In other words, the singer is responding to the us of 1965. To our attempts to grapple with our world as it was suddenly being revealed in songs, in particular those penned by this one peculiar and phenomenal young man. Not just singles on the radio like Peter, Paul & Mary’s "Blowin’ in the Wind" or The Byrds’ "Mr. Tambourine Man" but throughout The Freewheelin’ Bob Dylan, The Times They Are A-Changin’, Another Side of Bob Dylan, and Bringing It All Back Home -- and the first, Bob Dylan, though it included little from his own pen. All of those preceded Highway 61.

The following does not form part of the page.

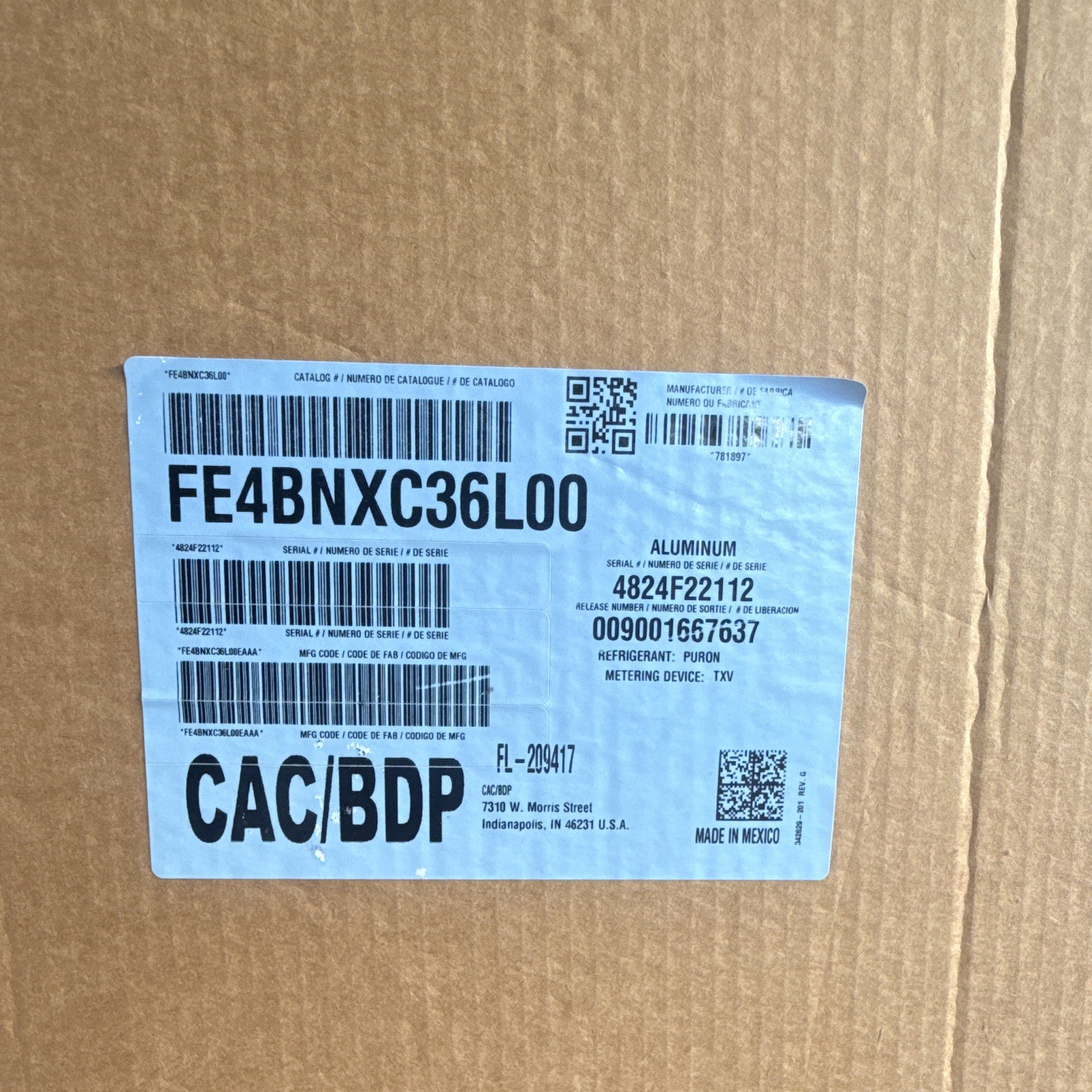 Carrier Central Air Conditioner Unit Gray FE4BNXC36L00 Model/MPN gallery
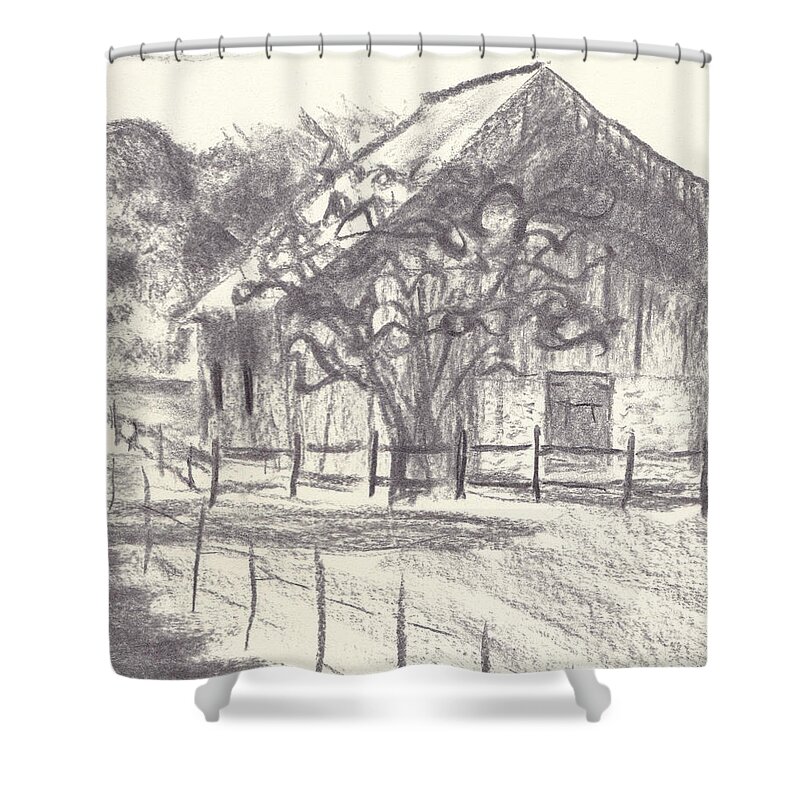 Maryland Shower Curtain featuring the drawing Stable on Whitehall Road by Mike Robinson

Early in the days of Dylan’s fame, whatever gratification he might have enjoyed, he is well known to have detested the inanities of celebrity: people asking him what his songs meant, trying to hang around his hotel room. Surely many people who did not know him personally wrote to him presumptuously. Some surely included platitudes like, How are you? Perhaps he found them deaf to the content of his songs, which so vehemently and eloquently suggested being well is illusory as long as we rely on white superiority, militarism, age, or title to have our way. So he answers the platitude with the rhetorical question, "Was that some kind of joke?" He doesn’t want to hear any more from those who share none of his experience and want to be told about Desolation Row without "escaping" to see for themselves -- he only wants to hear from people who mail their letters "from Desolation Row." He’s stuck there at least for now because his doorknob broke, and it broke because it’s a Desolation Row doorknob, not a castle doorknob.

So what’s the point?

We can’t be disillusioned unless we harbor illusions in the first place. Revealing realities hidden by appearance, cant, and conspiracies of silence, "Desolation Row" gives the lie to interrelated social fictions that have been deemed necessary to maintain the social order, and it challenges trivialities we are trained to focus on that distract us from injustice and others’ suffering. Who cares whether Pound or Eliot propounds the best theory of poetry -- in verse 9 -- as long as humanity is metaphorically on the Titanic? Such trivialities distract us from the icebergs we are assured we will not hit. Isn’t global climate change such a one, and aren’t the vast majority focused on less important matters?

The song ultimately appears to call not merely for a particular easy political position or action but for sustained struggle for human values -- justice over murder & oppression, unconditional love over lust & possessiveness, real faith or belief over obsession, clear perception over denial, genuine intellect and creativity over image, slogan, and theory. In a time when "Which side are you on?" is again in the air, it might be worth our while to keep listening and to look more closely. Is "Rome" burning today, and if so, is Nero here fiddling? If so, is it his Neptune we are relying on for our Titanic’s safe crossing?